TASK PROMPT =>
What is needed is an exact copy of the lines in the entries below from the one holding "Puente En X" through the one holding "Ballydoughan pottery basket style vase", pictures excluded.

Short web captions
________

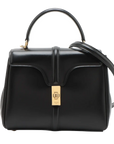 Pre-Loved 16 (Seize) Handbag Leather Small with Gold Hardware, Black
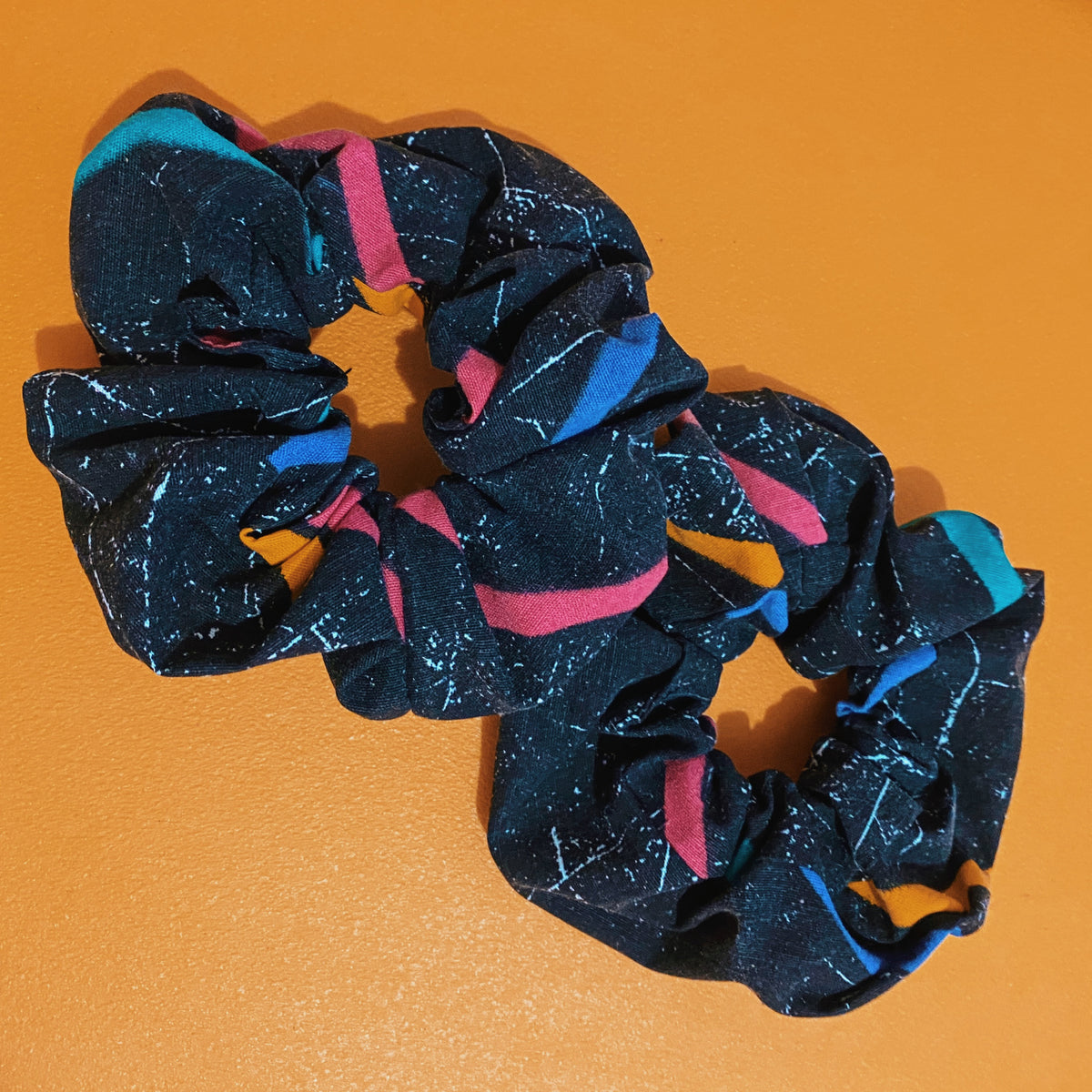 90’s scrunchies - Made from reworked duvets!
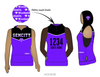 Gem City Roller Derby: 2019 Uniform Sleeveless Hoodie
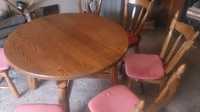 Дъбова маса със столове масив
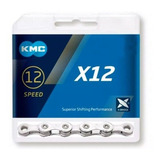 Puente En X Plateado Corrente Kmc X12, 12 V, 126 Eslabones, Prata Eagle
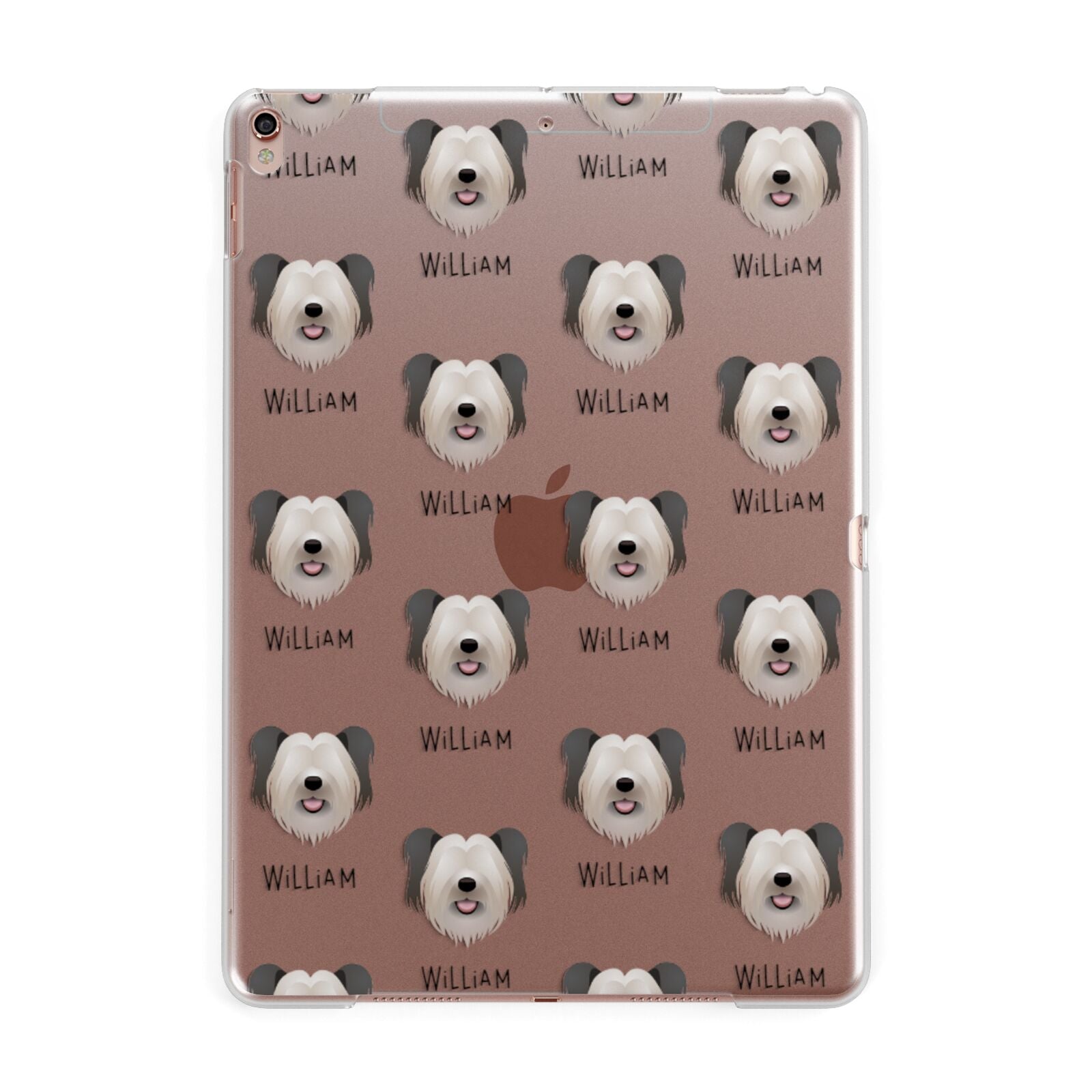 Skye Terrier Icon with Name Apple iPad Rose Gold Case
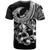 Personalised Polynesia T Shirt Fish Hook Tattoo Go Fishing Polynesian Pattern Black - Wonder Print Shop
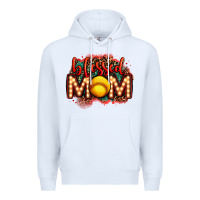 White blessed softball mom lightbulb letters Premium Hoodie - OliviaCreatesArt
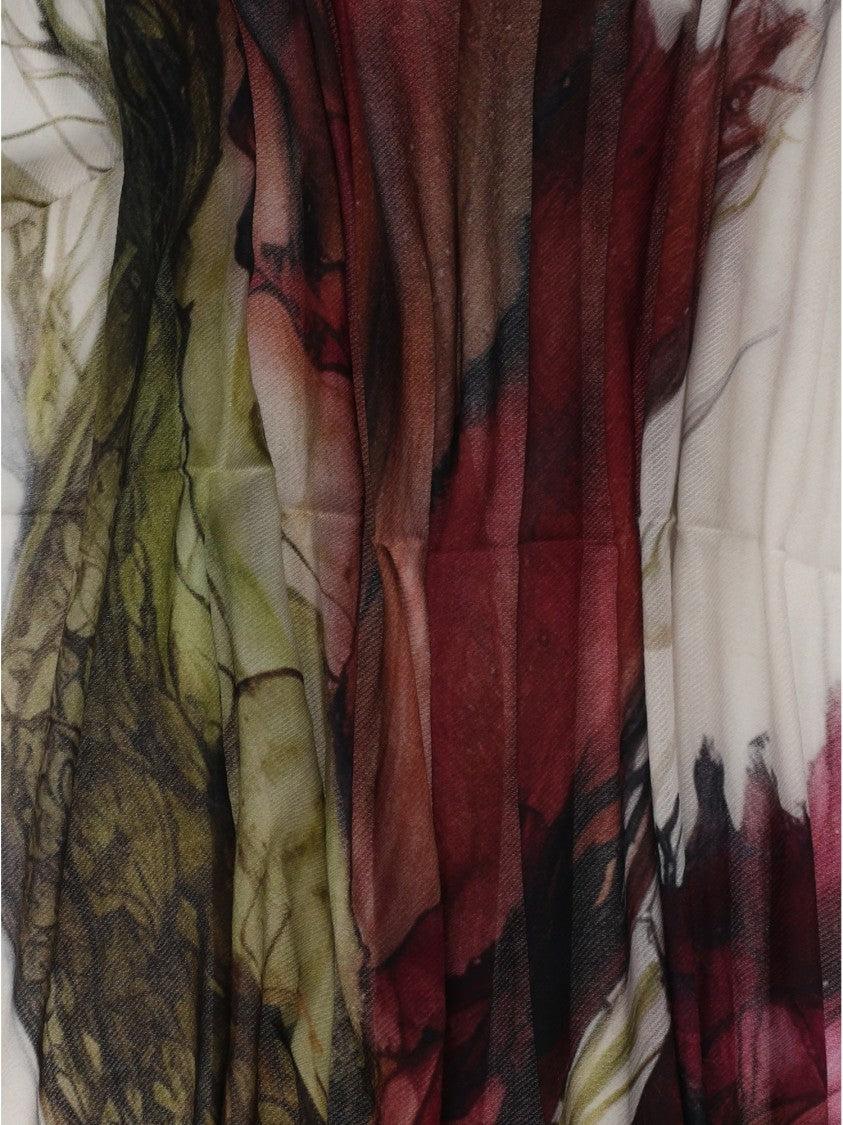 Faliero Sarti Rectangular Floral-Patterned Wool And Cashmere Scarf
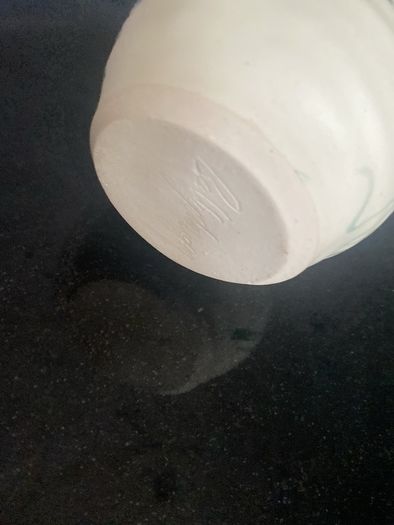 Ballydoughan pottery basket style vase
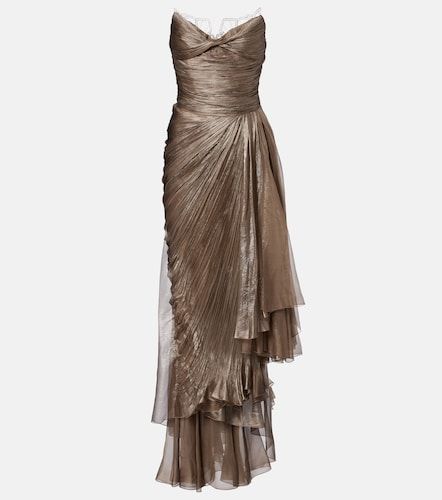 Robe bustier Jolie en soie à dentelle - Maria Lucia Hohan - Modalova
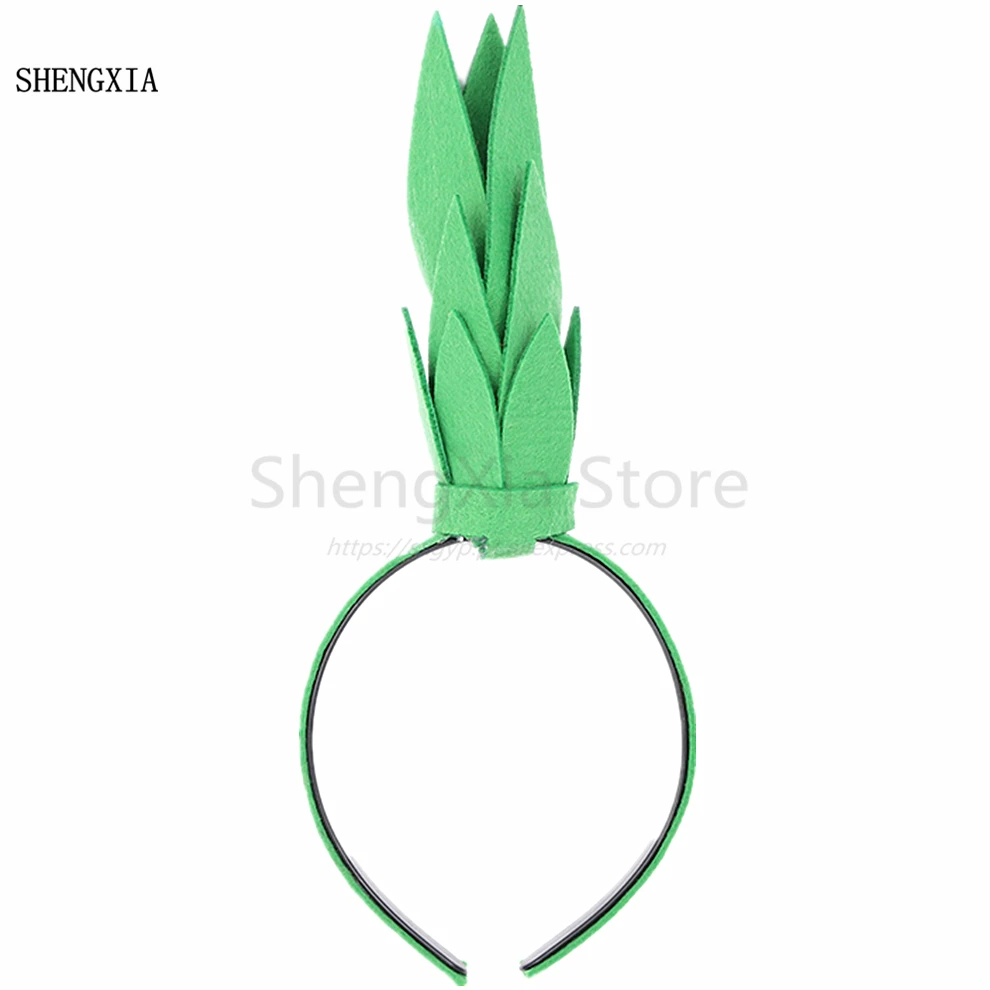 New holiday party headband headdress Halloween Irish St. Patrick Day green pineapple adult child |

________

SOLUTION BELOW =>
 Puente En X Plateado Corrente Kmc X12, 12 V, 126 Eslabones, Prata Eagle
 Skye Terrier Icon with Name Apple iPad Rose Gold Case
 Personalised Polynesia T Shirt Fish Hook Tattoo Go Fishing Polynesian Pattern Black - Wonder Print Shop
 White blessed softball mom lightbulb letters Premium Hoodie - OliviaCreatesArt
 Faliero Sarti Rectangular Floral-Patterned Wool And Cashmere Scarf
 Ballydoughan pottery basket style vase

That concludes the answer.